The whole listing below, with no pictures, is to be repeated as it stands.

_Collected data_
========

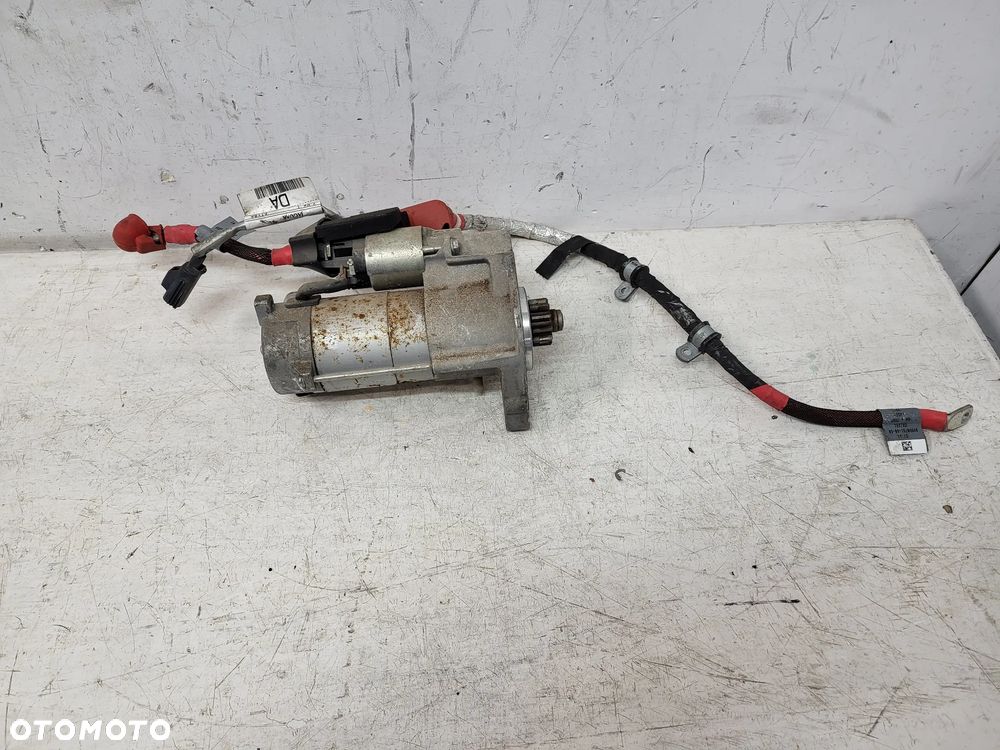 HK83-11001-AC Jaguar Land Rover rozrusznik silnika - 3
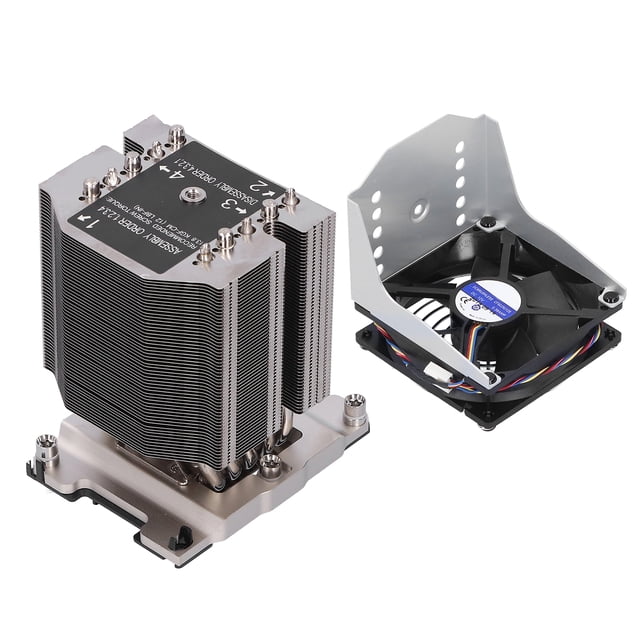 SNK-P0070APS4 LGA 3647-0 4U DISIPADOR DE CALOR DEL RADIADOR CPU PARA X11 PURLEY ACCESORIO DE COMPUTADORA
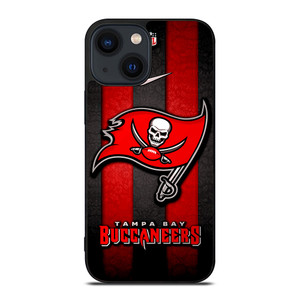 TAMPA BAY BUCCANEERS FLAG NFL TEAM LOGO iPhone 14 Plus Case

========

_Exercise solution_
 HK83-11001-AC Jaguar Land Rover rozrusznik silnika - 3
 SNK-P0070APS4 LGA 3647-0 4U DISIPADOR DE CALOR DEL RADIADOR CPU PARA X11 PURLEY ACCESORIO DE COMPUTADORA
 TAMPA BAY BUCCANEERS FLAG NFL TEAM LOGO iPhone 14 Plus Case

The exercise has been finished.